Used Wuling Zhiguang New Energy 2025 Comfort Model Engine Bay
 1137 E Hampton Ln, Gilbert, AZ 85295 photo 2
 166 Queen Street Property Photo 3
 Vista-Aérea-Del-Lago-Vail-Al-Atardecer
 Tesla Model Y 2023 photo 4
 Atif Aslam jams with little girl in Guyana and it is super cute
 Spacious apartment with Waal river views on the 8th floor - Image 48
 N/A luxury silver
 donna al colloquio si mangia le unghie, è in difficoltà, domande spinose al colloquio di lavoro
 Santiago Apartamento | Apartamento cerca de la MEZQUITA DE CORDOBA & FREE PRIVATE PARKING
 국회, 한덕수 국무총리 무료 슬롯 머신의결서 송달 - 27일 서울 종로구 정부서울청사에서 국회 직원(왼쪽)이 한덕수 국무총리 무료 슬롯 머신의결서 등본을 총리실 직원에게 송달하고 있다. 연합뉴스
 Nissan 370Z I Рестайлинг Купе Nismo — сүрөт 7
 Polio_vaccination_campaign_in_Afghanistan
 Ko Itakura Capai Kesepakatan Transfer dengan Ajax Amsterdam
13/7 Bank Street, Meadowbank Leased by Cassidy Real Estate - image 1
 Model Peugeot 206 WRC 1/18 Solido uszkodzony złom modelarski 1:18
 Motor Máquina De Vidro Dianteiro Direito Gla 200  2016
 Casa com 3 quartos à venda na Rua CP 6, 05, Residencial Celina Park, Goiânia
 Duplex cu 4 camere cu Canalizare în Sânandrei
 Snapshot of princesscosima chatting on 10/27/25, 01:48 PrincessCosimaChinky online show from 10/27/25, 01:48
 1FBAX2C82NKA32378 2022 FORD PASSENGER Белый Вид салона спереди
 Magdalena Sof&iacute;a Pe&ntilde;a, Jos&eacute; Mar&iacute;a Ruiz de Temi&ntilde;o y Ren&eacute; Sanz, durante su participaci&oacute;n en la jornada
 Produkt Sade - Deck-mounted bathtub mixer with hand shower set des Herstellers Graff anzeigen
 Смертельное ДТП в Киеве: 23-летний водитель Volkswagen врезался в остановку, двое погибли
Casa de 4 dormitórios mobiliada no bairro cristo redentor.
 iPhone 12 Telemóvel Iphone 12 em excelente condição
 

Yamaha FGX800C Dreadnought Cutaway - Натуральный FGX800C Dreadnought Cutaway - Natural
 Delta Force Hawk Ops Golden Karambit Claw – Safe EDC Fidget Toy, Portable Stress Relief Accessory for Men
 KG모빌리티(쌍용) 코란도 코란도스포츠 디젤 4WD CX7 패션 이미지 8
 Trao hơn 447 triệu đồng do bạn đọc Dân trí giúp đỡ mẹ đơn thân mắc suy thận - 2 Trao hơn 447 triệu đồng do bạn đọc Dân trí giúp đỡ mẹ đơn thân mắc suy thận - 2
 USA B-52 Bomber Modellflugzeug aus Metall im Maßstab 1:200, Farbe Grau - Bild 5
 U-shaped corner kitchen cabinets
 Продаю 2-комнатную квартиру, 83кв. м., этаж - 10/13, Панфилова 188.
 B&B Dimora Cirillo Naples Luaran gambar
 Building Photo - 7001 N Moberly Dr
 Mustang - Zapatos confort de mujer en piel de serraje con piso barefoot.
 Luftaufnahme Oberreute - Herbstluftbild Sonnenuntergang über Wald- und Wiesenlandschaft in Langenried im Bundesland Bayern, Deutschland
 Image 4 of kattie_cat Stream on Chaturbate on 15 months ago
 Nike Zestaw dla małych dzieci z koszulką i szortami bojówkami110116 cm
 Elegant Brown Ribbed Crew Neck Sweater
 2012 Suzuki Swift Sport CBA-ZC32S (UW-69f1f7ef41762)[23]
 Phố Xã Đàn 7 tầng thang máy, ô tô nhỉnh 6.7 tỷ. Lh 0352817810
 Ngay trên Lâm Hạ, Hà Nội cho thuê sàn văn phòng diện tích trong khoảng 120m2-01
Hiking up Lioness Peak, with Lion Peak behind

══════════════════════════════

- Assigned task
From the first line to the last, write out the listing exactly.

- Solution to this problem
Used Wuling Zhiguang New Energy 2025 Comfort Model Engine Bay
 1137 E Hampton Ln, Gilbert, AZ 85295 photo 2
 166 Queen Street Property Photo 3
 Vista-Aérea-Del-Lago-Vail-Al-Atardecer
 Tesla Model Y 2023 photo 4
 Atif Aslam jams with little girl in Guyana and it is super cute
 Spacious apartment with Waal river views on the 8th floor - Image 48
 N/A luxury silver
 donna al colloquio si mangia le unghie, è in difficoltà, domande spinose al colloquio di lavoro
 Santiago Apartamento | Apartamento cerca de la MEZQUITA DE CORDOBA & FREE PRIVATE PARKING
 국회, 한덕수 국무총리 무료 슬롯 머신의결서 송달 - 27일 서울 종로구 정부서울청사에서 국회 직원(왼쪽)이 한덕수 국무총리 무료 슬롯 머신의결서 등본을 총리실 직원에게 송달하고 있다. 연합뉴스
 Nissan 370Z I Рестайлинг Купе Nismo — сүрөт 7
 Polio_vaccination_campaign_in_Afghanistan
 Ko Itakura Capai Kesepakatan Transfer dengan Ajax Amsterdam
13/7 Bank Street, Meadowbank Leased by Cassidy Real Estate - image 1
 Model Peugeot 206 WRC 1/18 Solido uszkodzony złom modelarski 1:18
 Motor Máquina De Vidro Dianteiro Direito Gla 200  2016
 Casa com 3 quartos à venda na Rua CP 6, 05, Residencial Celina Park, Goiânia
 Duplex cu 4 camere cu Canalizare în Sânandrei
 Snapshot of princesscosima chatting on 10/27/25, 01:48 PrincessCosimaChinky online show from 10/27/25, 01:48
 1FBAX2C82NKA32378 2022 FORD PASSENGER Белый Вид салона спереди
 Magdalena Sof&iacute;a Pe&ntilde;a, Jos&eacute; Mar&iacute;a Ruiz de Temi&ntilde;o y Ren&eacute; Sanz, durante su participaci&oacute;n en la jornada
 Produkt Sade - Deck-mounted bathtub mixer with hand shower set des Herstellers Graff anzeigen
 Смертельное ДТП в Киеве: 23-летний водитель Volkswagen врезался в остановку, двое погибли
Casa de 4 dormitórios mobiliada no bairro cristo redentor.
 iPhone 12 Telemóvel Iphone 12 em excelente condição
 

Yamaha FGX800C Dreadnought Cutaway - Натуральный FGX800C Dreadnought Cutaway - Natural
 Delta Force Hawk Ops Golden Karambit Claw – Safe EDC Fidget Toy, Portable Stress Relief Accessory for Men
 KG모빌리티(쌍용) 코란도 코란도스포츠 디젤 4WD CX7 패션 이미지 8
 Trao hơn 447 triệu đồng do bạn đọc Dân trí giúp đỡ mẹ đơn thân mắc suy thận - 2 Trao hơn 447 triệu đồng do bạn đọc Dân trí giúp đỡ mẹ đơn thân mắc suy thận - 2
 USA B-52 Bomber Modellflugzeug aus Metall im Maßstab 1:200, Farbe Grau - Bild 5
 U-shaped corner kitchen cabinets
 Продаю 2-комнатную квартиру, 83кв. м., этаж - 10/13, Панфилова 188.
 B&B Dimora Cirillo Naples Luaran gambar
 Building Photo - 7001 N Moberly Dr
 Mustang - Zapatos confort de mujer en piel de serraje con piso barefoot.
 Luftaufnahme Oberreute - Herbstluftbild Sonnenuntergang über Wald- und Wiesenlandschaft in Langenried im Bundesland Bayern, Deutschland
 Image 4 of kattie_cat Stream on Chaturbate on 15 months ago
 Nike Zestaw dla małych dzieci z koszulką i szortami bojówkami110116 cm
 Elegant Brown Ribbed Crew Neck Sweater
 2012 Suzuki Swift Sport CBA-ZC32S (UW-69f1f7ef41762)[23]
 Phố Xã Đàn 7 tầng thang máy, ô tô nhỉnh 6.7 tỷ. Lh 0352817810
 Ngay trên Lâm Hạ, Hà Nội cho thuê sàn văn phòng diện tích trong khoảng 120m2-01
Hiking up Lioness Peak, with Lion Peak behind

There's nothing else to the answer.